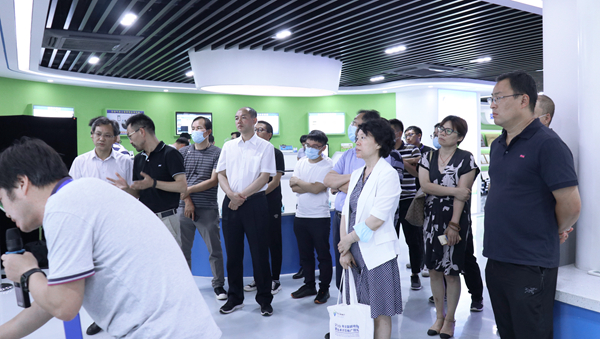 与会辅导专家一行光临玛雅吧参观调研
...
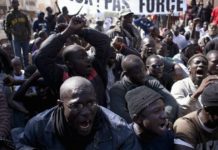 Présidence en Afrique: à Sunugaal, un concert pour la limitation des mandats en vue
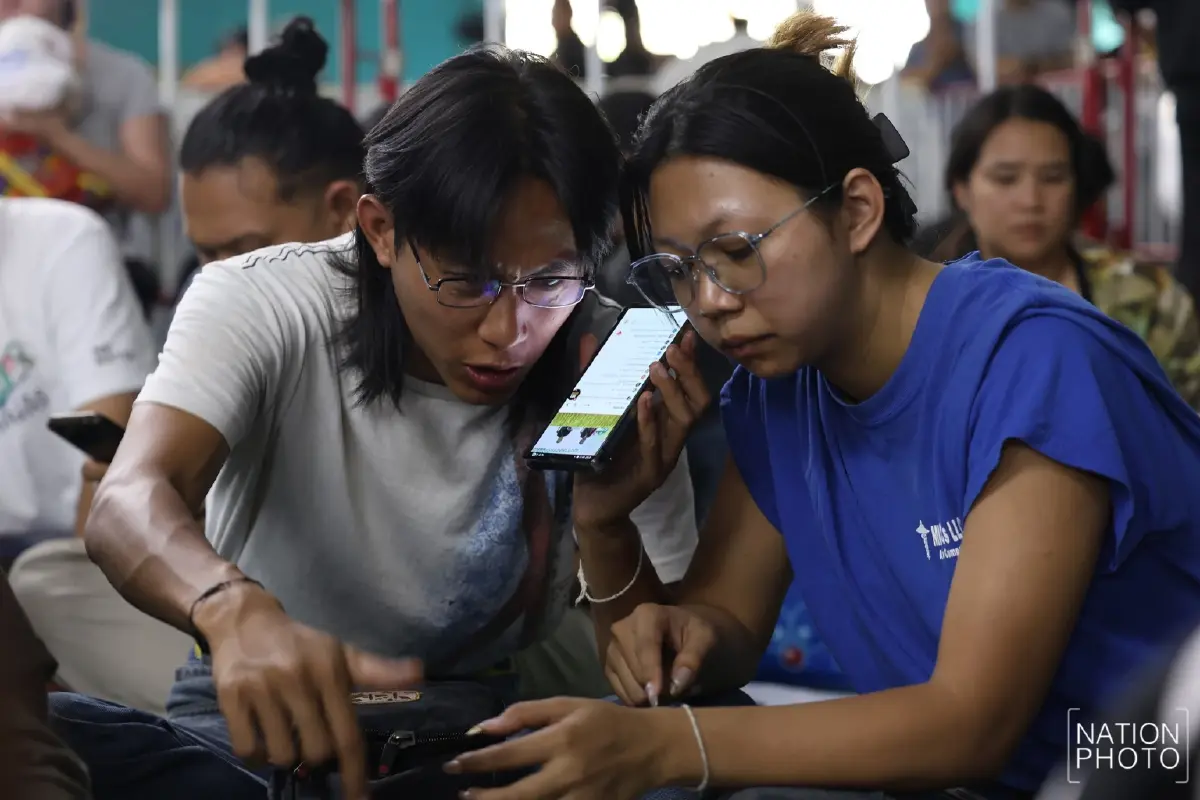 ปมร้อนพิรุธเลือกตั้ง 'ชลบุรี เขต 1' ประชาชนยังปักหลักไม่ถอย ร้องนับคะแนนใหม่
...
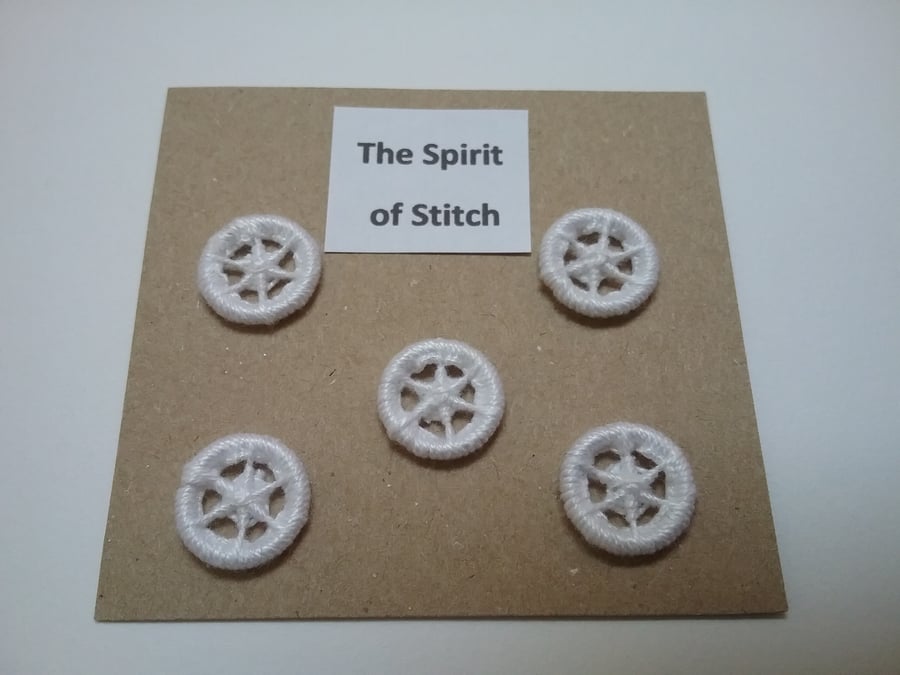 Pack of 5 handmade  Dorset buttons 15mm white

» **Task prompt**:
Of the records above, print only the lines from the one containing "Présidence en Afrique: à" through the one containing "ปมร้อนพิรุธเลือกตั้ง 'ชลบุรี เขต", inclusive and unaltered, leaving out pictures.

» **Output of the exercise**:
 Présidence en Afrique: à Sunugaal, un concert pour la limitation des mandats en vue
 ปมร้อนพิรุธเลือกตั้ง 'ชลบุรี เขต 1' ประชาชนยังปักหลักไม่ถอย ร้องนับคะแนนใหม่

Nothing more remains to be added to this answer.